The worlds most popular application server has made over 450 improvements (whether small or large) in their latest stable release. Here, Apache Tomcat Release Manager, Mark Thomas gives a brief overview of three Apache Tomcat 7 new features now available in Apache Tomcat 6 that you should know about.

The new memory leak and prevention feature, announced in a post last year, has been a widely anticipated feature that addresses how Tomcat can cause memory leaks in the permanent generation (PermGen) that lead to OutOfMemoryErrors when re-loading web applications. Thomas explains the feature in two parts:

First, it prevents memory leaks through a new life-cycle listener, the JreMemoryLeakPreventionListener that calls various parts of the Java API. Its common that if the web application is the first code to call the Java APIs, the web application class loader will be pinned in memory, causing leaks. The listener ensures that Tomcat is the first to make a call, and therefore prevents the class loader from being pinned in memory.


Second, it handles detection by executing code when a web application is stopped, undeployed or reloaded. It scans the code for standard causes of memory leaks, and where it can, fixes the leaks. Implemented in the WebappClassLoader, there are a series of expandable, standard API calls and some reflection tricks that help this detection feature do its job.

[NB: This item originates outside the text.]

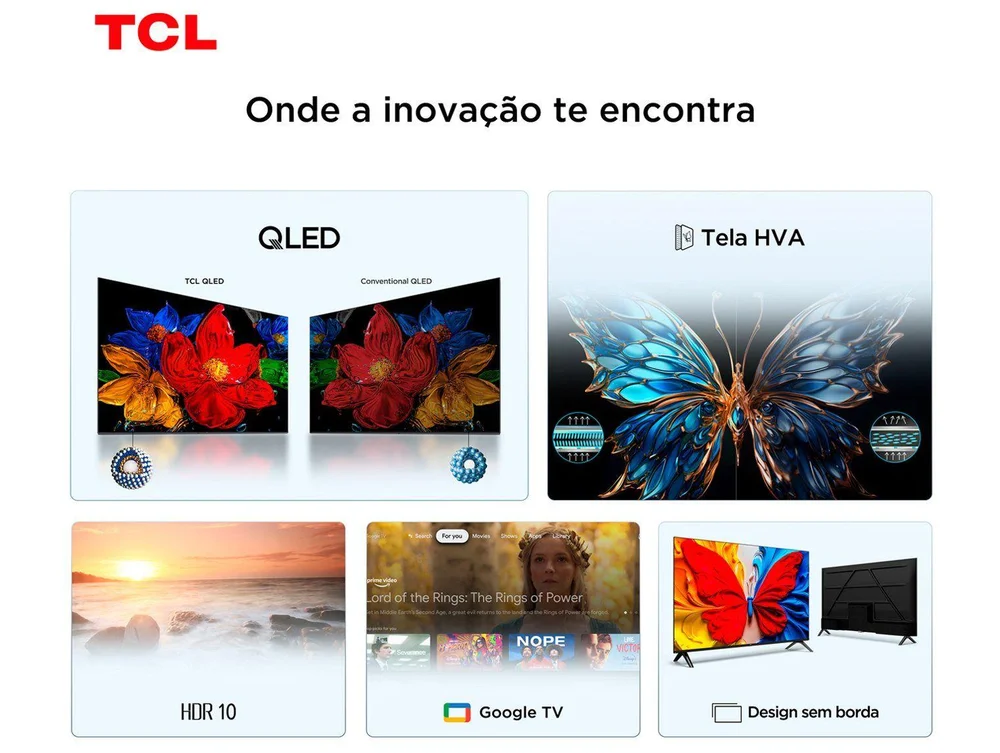 TV 43" TCL Full HD QLED 43S5K Google TV 2 HDMI TV 43" TCL Full HD QLED 43S5K Google TV 2 HDMI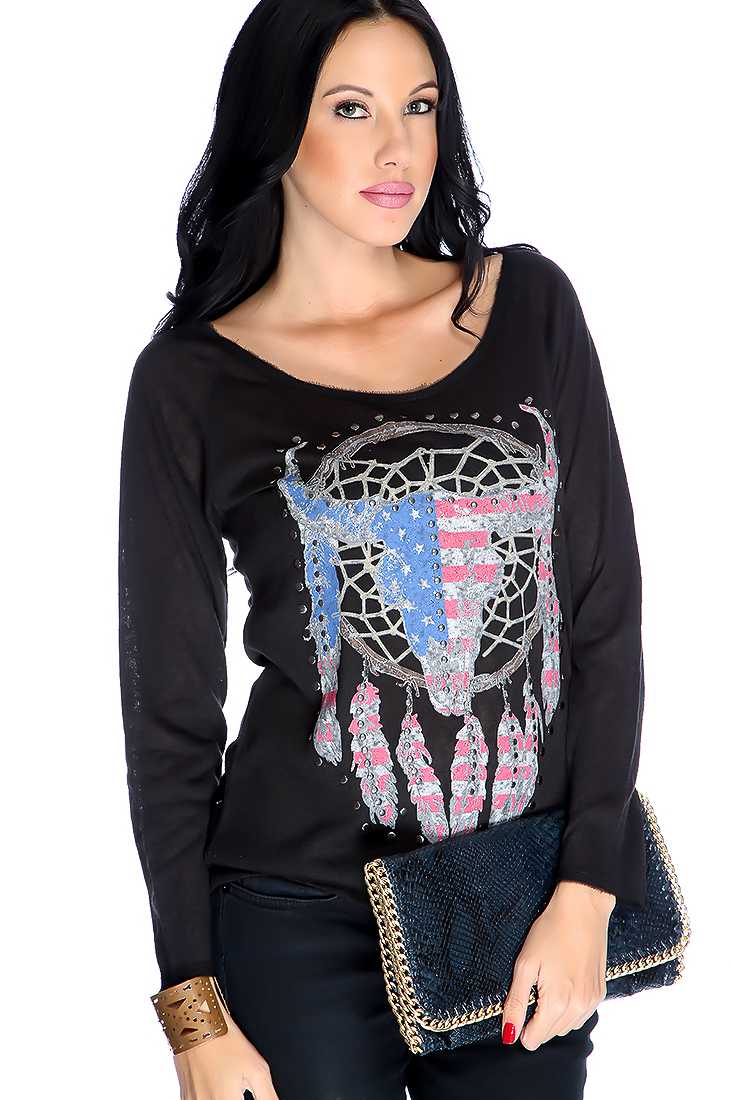Black Long Sleeve Graphic Print Studded Casual Top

It should be noted that Apache Tomcat 6.0.30 has the latest  version of this feature.

Cross-site request forgery (CSRF) was also described in a post on Tomcat Expert describing the protection it provides to secure websites from an attack that compromises the site’s trust in the web browser making calls within an authenticated session. Thomas goes a little more into detail when describing CSRF by saying:

The new CSRF Protection specifically prevents attacks directly on Apache Tomcat Manager and Apache Tomcat Host Manager, as well as provides a new CSRF Prevention Filter that companies can use to protect their own applications. The fix prevents these types of attacks by using a system of nonces, or tokens. Starting with the authentication request, the browser is sent a special token that must be provided with the next request, or in the case of more complicated applications, within a specific limit of the next series of requests. Since the token changes frequently, when the attacker sends the request, while it will reach the server, it will not include the correct token, so the server will reject the request and prevent the attack.

Windows Installer is also a newer, more updated, feature in Apache Tomcat 6.0.30. Some of the improvements made are the install/uninstall icons that are now available for updates and installation logs can now be created. Windows installer allows 32-bit JVMs to be selected when installing on a 64-bit platform. The .ini files can be replaced with the script equivalents and also,  new manager and host-manager roles are ready to use.

While having so many changes, updates and improvements can be overwhelming, remember that upgrading your application is always a serious consideration, and due diligence to how it will affect your applications and systems should always be fully carried out.